2001 Chevy Silverado

2001 Chevy Silverado Extended Cab (Crutchfield Research Photo)

1998 Chevy Silverado

The holdover "Classic" truck shown above has a flatter hood and a more squared-off nose. (Crutchfield Research Photo)


The Chevy Silverado has always been a workhorse, so it's not exactly a surprise to see these older trucks out on the road and getting the job done. They're tougher than cheap beef, parts are easy to find, and, at this point, any '99-'02 model will have plenty of that "old truck" character.

Old trucks are cool, but old factory stereos are pretty weak, so if your pickup is still hauling after all these years, it's past time for an upgrade. Smartphone compatability, satellite radio, and Bluetooth® are just a few of the modern features that can make your Silverado or Sierra a much better place to work and play.

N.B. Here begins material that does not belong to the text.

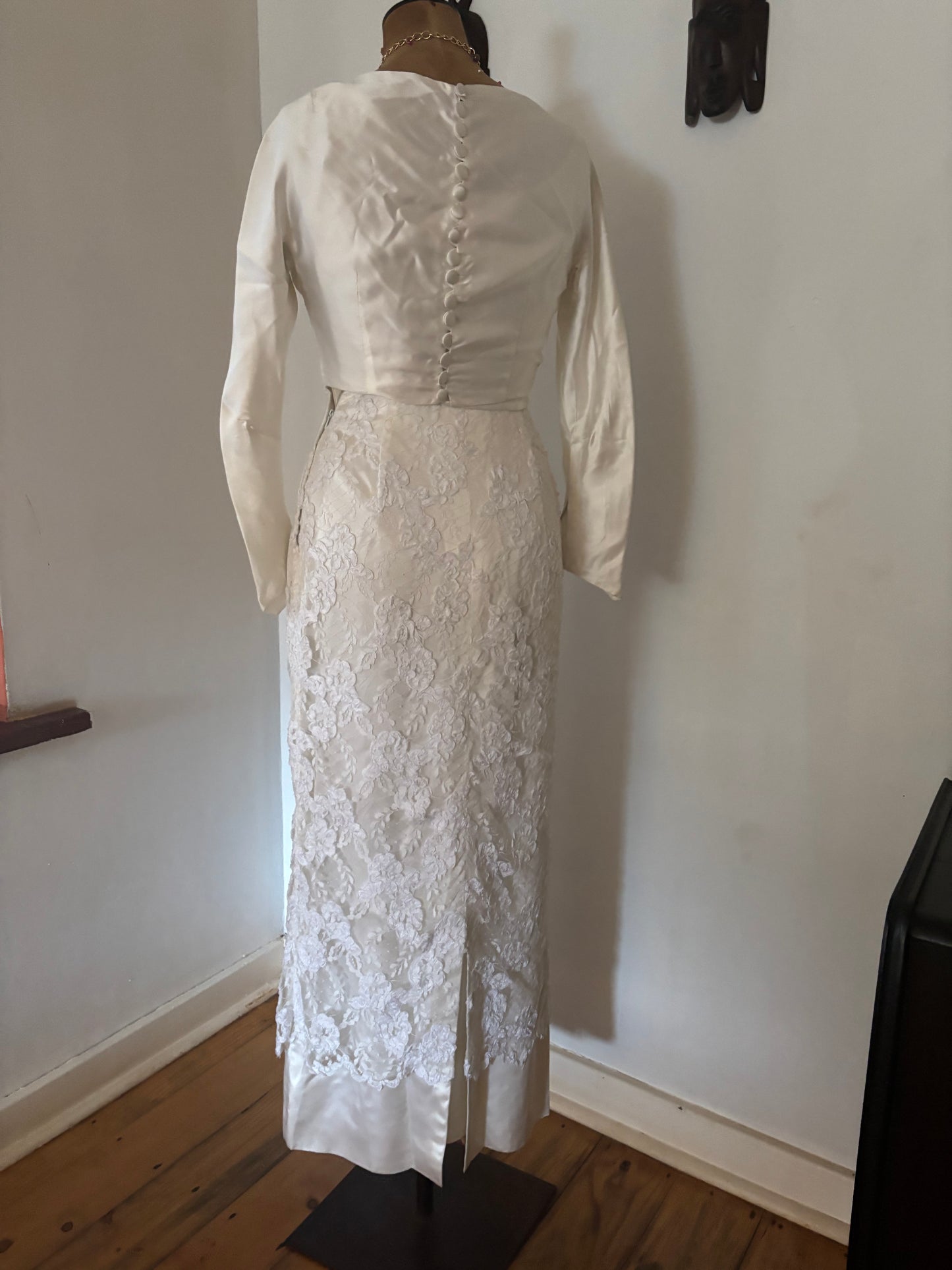 Vintage Satin & Lace Wedding Dress with Bolero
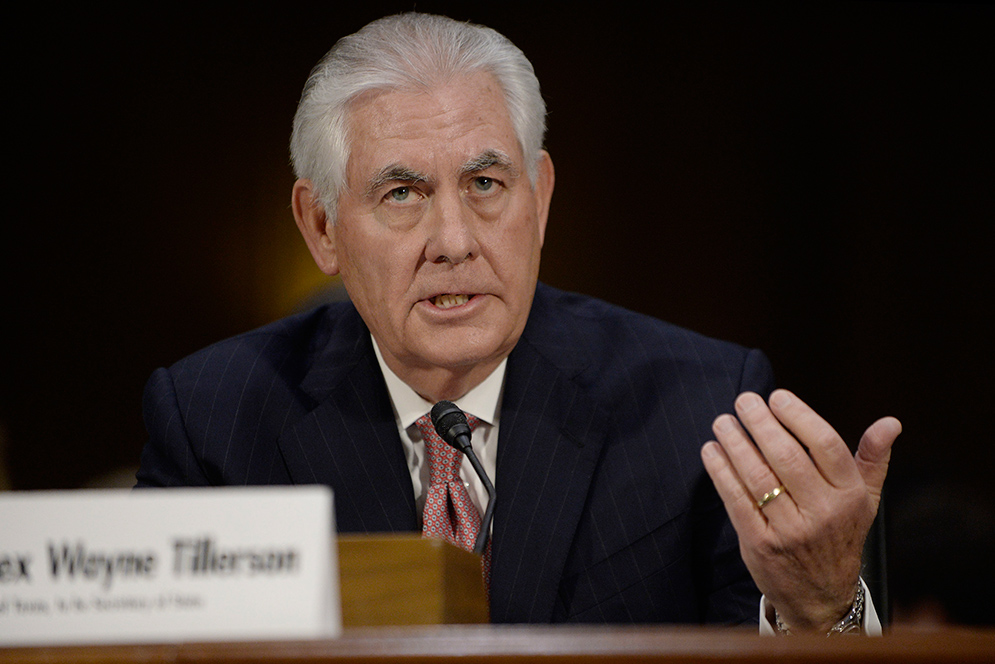 Secretary of State nominee Rex Tillerson speaks during his Senate confirmation hearing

Note: The chassis discussed here, known inside GM as the GMT800 and to the rest of the world as the Chevy Silverado and GMC Sierra, was introduced in1999. The previous generation, the GMT400, hung around for another year as the "Classic" model. If you're not sure which '99 version you have, check these exterior photos to see which one looks like your truck. The Classic has a flatter hood and a much more squared-off front end.

Replacing your factory radio

Factory stereo

The Silverado’s original radio can be replaced by a wide variety of 2” tall single-DIN models. (Crutchfield Research Photo)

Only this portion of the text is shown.